In 2003, Clarklewis, a cutting-edge fine-dining joint, created buzz when it plopped down near the river bank, putting this industrial area on the culinary map.
In 2011, the bar Dig A Pony made this sketchy stretch cool to hang out in after dark. It spins soul and has the soul of old Portland.
And the hits kept coming. Six weeks after opening on Southeast Main Street, Renata was anointed 2015 Restaurant of the Year by The Oregonian newspaper. Kachka, a half-mile north, was crowned the 2014 Restaurant of the Year by Willamette Week. Considered the apex of Russian cooking in the region, it’s opening a second restaurant east of the Willamette this summer.
If you go
Lodging Jupiter Hotel is a popular lodging option on this side of town, with free parking on secondary streets, unlike touristy downtown. 800 E. Burnside St., jupiterhotel.com.
Dining deals now March is Portland Dining Month, when 120 restaurants, including many on the Eastside, offer $29 three-course meals. Details at travelportland.com/dining-month.
More information See the Travel Portland website: travelportland.com
So many restaurants. So many bars. Here are seven big openings from the past six months.
Revelry It is the party-hardy younger sibling of the Seattle restaurant Revel. Rakim raps over the dining room, and after 10 p.m. a DJ takes over.
But at its heart, this is a Rachel Yang and Seif Chirchi production. Their signature pork-belly kimchi pancake from Seattle is here. But most talked about in Portland is their sticky, spicy, boneless Korean fried chicken.
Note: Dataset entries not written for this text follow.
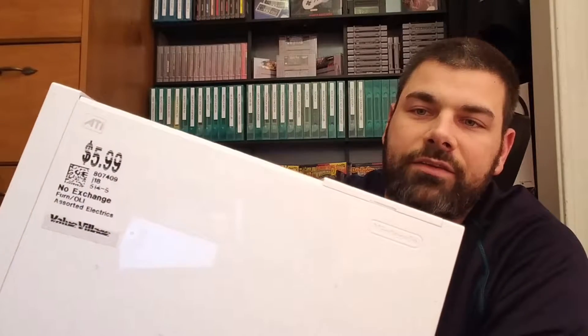I was kind of hemming and hawing when I saw this — wasn't sure if I should pick it up. I more or less picked it up to see if I might have a mystery game hiding in here. Picked up a Wii from the local Value Village for $5.99. I already have cords, connections, and controllers, so I'm going to end up flipping it for 20 to 25 bucks and get my money back. I was just hoping to see if there might be something awesome hiding inside.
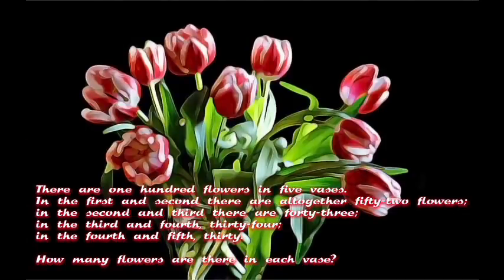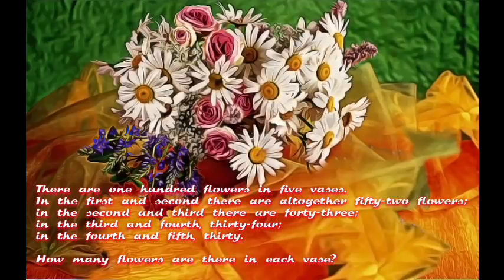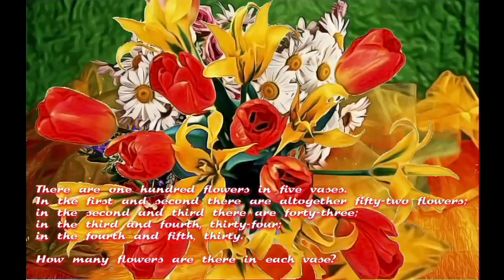There are 100 flowers in 5 vases. In the first and second there are altogether 52 flowers. In the second and third there are 43. In the third and fourth, 34. In the fourth and fifth, 30. How many flowers are there in each vase?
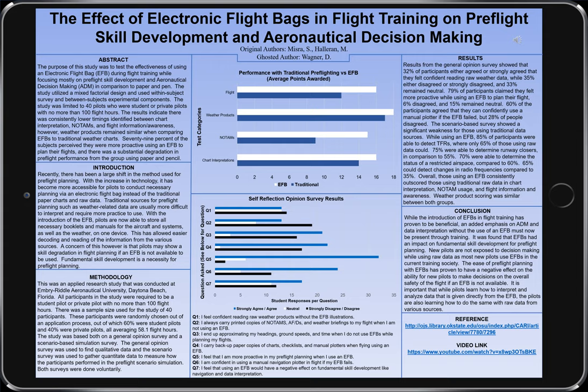Overall, the results of this survey seem to conclude that students in general feel moderately comfortable with raw data and paper charts, but they're not confident in their abilities to decode and read traditional information compared to when that information is already broken down and decoded through the electronic flight bag. It would seem that the introduction to electronic flight bags and the various aviation applications that decode and provide easier information to process has been a helpful improvement to the aviation community, but there should be an added emphasis on aeronautical decision making and data interpretation without the use of the electronic flight bag.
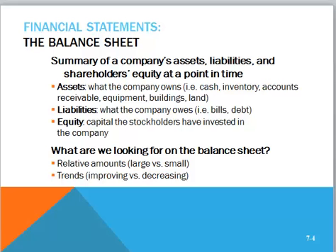What are we looking for on the balance sheet? We look for relative amounts — are there large amounts of inventory or large amounts of debt? It's easier to see this using a common size statement like you see in your chapter. We also look at trends — are trends improving or decreasing?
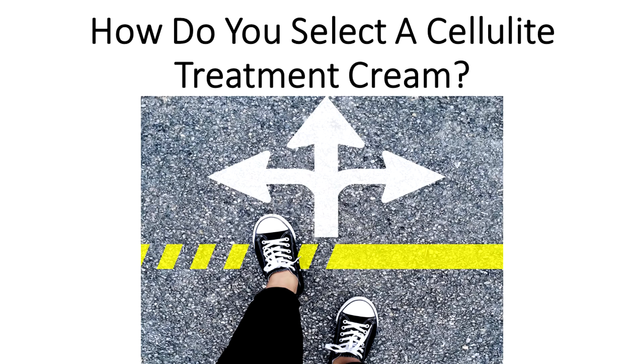So how do you select a cellulite cream during pregnancy without compromising your health? It is an important issue because your safety is the highest priority. Some of the points to consider when choosing a cellulite treatment cream include the following.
Even better: the sope, corn cake topped with grilled kale and poached shrimp, brightened with coconut and fiery spices — a mingling of Thai and Mexican flavors. Fusion also crosses over to cocktails, from negroni with pho vinegar to south-of-the-border takes such as kimchi Paloma and a tequila version of a Perfect Manhattan.
Biwa/Parasol Last October, Biwa relocated down the hall but kept its old space to open a late-night bar, Parasol. The Japanese comfort food that was once a Biwa staple is now at Parasol. Biwa now takes on more ambitious fare such as its $55 omakase, a 14-course chef’s-choice menu that featured a deconstructed clam chowder and pork-and-shrimp dumplings bathed in an XO-kimchi sauce, an umami-filled feast that was one of the best meals and deals I had on the Eastside.
The owners of these two places also own the stellar Noraneko, nearby.
Danwei Canting Opened in January, it’s a mishmash of different Chinese street food under one roof. The “loawai,” white guy, schmoozing in Mandarin with all the Chinese diners is owner James Kyle, who spent 13 years in Beijing and brought his favorite cart food back to the Rose City — from pillowy lamb dumplings to the addicting, cumin-scented wok-fried shoestring potatoes, all best washed down with a cheap beer.
Bar Casa Vale Like background music, the fragrant, smoky aroma permeating the dining room soothes and sets the mood. Everything gets cooked over a maple, alder and white-oak wood fire. Charred, ashy octopus to start; tender cider-braised pork cheeks to follow. The bar is shelved with 100 sherries, and the bites are inspired from San Sebastian.
I’ve heard the tapas of black rice, chorizo, squid, shrimp and Iberico broth and the crispy pig snout are to die for but sold out so often that I think it’s all an urban legend. But the bartender swears, “Come back. We’ll have it next time.”
Afuri When this acclaimed ramen chain in Japan decided to open its first outpost in North America last year, it shunned the bright lights of New York City and picked — what do you know — Portland’s Central Eastside Industrial District, claiming the “soft water” and the Mount Hood ecosystem mimic the terroir of its homeland.
The wait was up to two hours when Afuri debuted in October. People come for the Yuzu Shio Ramen, a broth tasting of the ocean — salty, seaweed-y and funky from dried seafood but smoothed out with a citrusy undertone — one of the most complex, umami-packed and nuanced soups I’ve tasted in the Northwest.
Wayfinder Beer This is the most buzz I’ve heard over a brewery in East Portland since Hair of the Dog Brewing Company, which is one of best beers in the Northwest. The former co-founder of Hood River-based Double Mountain Brewery partnered with other restaurateurs to make German and Czech-style pilsners, one of the most difficult styles to craft. The brewery is as grand as its ambition, with a kitchen that puts out an eclectic food menu.